Imagined community implies bonding between members of a community that can be used for better or for worse. It can bring meaning to one’s life and respond to existential questions. T.J. Clark agrees with Anderson’s implications that these formed identities, although socially constructed, are meaningful, “The nation gives form to a shiftless and arbitrary being on earth, it offers a promise of immortality, it is oriented time and again towards – and beyond – the individual’s death.”[vii]. Russia identifies the Eastern Orthodox Church as its main, and perhaps only, religion it follows which indicates that spirituality plays a significant role in Russian culture. Such ties reflect Clark’s claim that nationality, and especially nationalism, can provide answers to ideas about morality. Bonds between members are described as “horizontal comradeship”[viii] which entails a loyalty so strong that sacrifice of one’s life is not uncommon. In imagined communities with strong identities, men and women are willing to die on the battlefield for their nation, hoping that their sacrifice will better their nation and prolong their nation’s legacy.

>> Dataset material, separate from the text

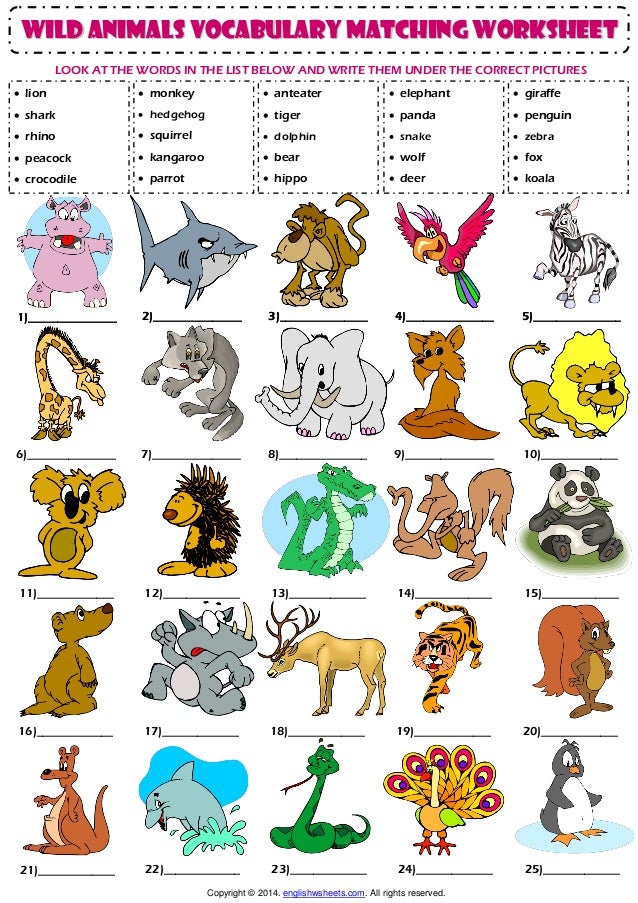 wild animals esl vocabulary matching exercise worksheet 1 638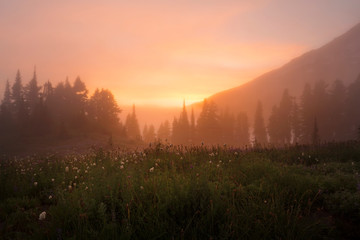 Sunset glow through the fog surround mt rainier and wildflowers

Imagined communities are foundational to health and politics of health. They determine values of a community including stigma around certain illnesses and determine what policies should be set in place for the betterment of the group. They reflect past understandings of health and foreshadow the future of health and wellness. These socially constructed groups have the power to normalize the good, bad, healthy, and unhealthy. For this reason, studying the structure of imagined communities and reflecting how they formed these structure will help future leaders of the community to evolve and prosper.

References

[i] “Nationalism.” Merriam-Webster.com. Accessed March 18, 2017. https://www.merriam-webster.com/dictionary/nationalism.

[ii] “imagined community.” In . : , 2010-01-01. http://www.oxfordreference.com/view/10.1093/oi/authority.20110803095958187.

[iii] Anderson, Benedict. Imagined communities: reflections on the origin and spread of nationalism. Verso, 1991.

[iv] Munro, André. “Benedict Anderson.” Benedict Anderson. Encyclopædia Britannica.

[v] Anderson, Benedict. Imagined communities: reflections on the origin and spread of nationalism. Verso, 1991

[vi] Lu Tang & Bijie Bie (2016) The stigma of autism in china: an analysis of

newspaper portrayals of autism between 2003 and 2012, Health Communication, 31:4,

445-452, DOI:

10.1080/10410236.2014.965381

[vii] Clark, T. J. “In a Pomegranate Chandelier.” Review of Imagined Communities: Reflections on the Origin and Spread of Nationalism, by Benedict Anderson and Under Three Flags: Anarchism and the Anti-Colonial Imagination, by Benedict Anderson. London Review of Books 28 no. 18 (2006): 6-8, https://www.lrb.co.uk/v28/n18/tj-clark/in-a-pomegranate-chandelier.

[viii] Anderson, Benedict. Imagined communities: reflections on the origin and spread of nationalism. Verso, 1991.